# Migrating from OpenAI to Open LLMs Using TGI's Messages API

_Authored by: [Andrew Reed](https://huggingface.co/andrewrreed)_

This notebook demonstrates how you can easily transition from OpenAI models to Open LLMs without needing to refactor any existing code.

[Text Generation Inference (TGI)](https://github.com/huggingface/text-generation-inference) now offers a [Messages API](https://huggingface.co/blog/tgi-messages-api), making it directly compatible with the OpenAI Chat Completion API. This means that any existing scripts that use OpenAI models (via the OpenAI client library or third-party tools like LangChain or LlamaIndex) can be directly swapped out to use any open LLM running on a TGI endpoint!

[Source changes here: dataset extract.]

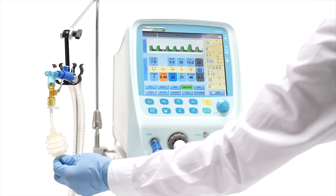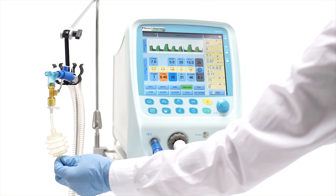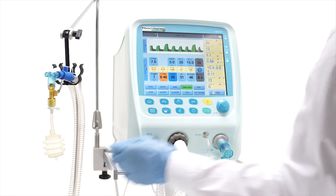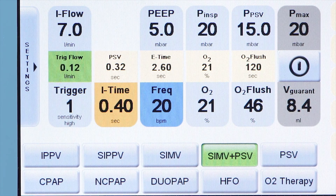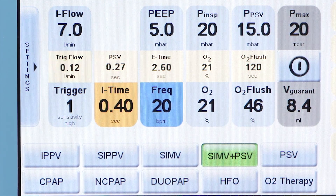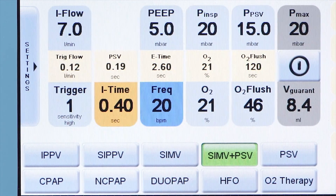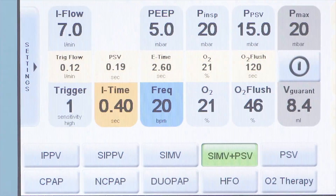The I-time also represents the maximum I-time for the flow-cycled PSV breath in case the flow termination criteria are not met. The PSV time is always displayed in the yellow window above the I-time button and may vary breath by breath.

This allows you to quickly test out and benefit from the numerous advantages offered by open models. Things like:

- Complete control and transparency over models and data
- No more worrying about rate limits
- The ability to fully customize systems according to your specific needs

In this notebook, we'll show you how to:

1. [Create Inference Endpoint to Deploy a Model with TGI](#section_1)
2. [Query the Inference Endpoint with OpenAI Client Libraries](#section_2)
3. [Integrate the Endpoint with LangChain and LlamaIndex Workflows](#section_3)

**Let's dive in!**


## Setup

First we need to install dependencies and set an HF API key.


In [None]:
!pip install --upgrade -q huggingface_hub langchain langchain-community langchainhub langchain-openai llama-index chromadb bs4 sentence_transformers torch

In [2]:
import os
import getpass

# enter API key
os.environ["HUGGINGFACEHUB_API_TOKEN"] = HF_API_KEY = getpass.getpass()

<a id="section_1"></a>

## 1. Create an Inference Endpoint

To get started, let's deploy [Nous-Hermes-2-Mixtral-8x7B-DPO](https://huggingface.co/NousResearch/Nous-Hermes-2-Mixtral-8x7B-DPO), a fine-tuned Mixtral model, to Inference Endpoints using TGI.

We can deploy the model in just [a few clicks from the UI](https://ui.endpoints.huggingface.co/new?vendor=aws&repository=NousResearch%2FNous-Hermes-2-Mixtral-8x7B-DPO&tgi_max_total_tokens=32000&tgi=true&tgi_max_input_length=1024&task=text-generation&instance_size=2xlarge&tgi_max_batch_prefill_tokens=2048&tgi_max_batch_total_tokens=1024000&no_suggested_compute=true&accelerator=gpu&region=us-east-1), or take advantage of the `huggingface_hub` Python library to programmatically create and manage Inference Endpoints.

We'll use the Hub library here by specifing an endpoint name and model repository, along with the task of `text-generation`. In this example, we use a `protected` type so access to the deployed model will require a valid Hugging Face token. We also need to configure the hardware requirements like vendor, region, accelerator, instance type, and size. You can check out the list of available resource options [using this API call](https://api.endpoints.huggingface.cloud/#get-/v2/provider), and view recommended configurations for select models in the catalog [here](https://ui.endpoints.huggingface.co/catalog).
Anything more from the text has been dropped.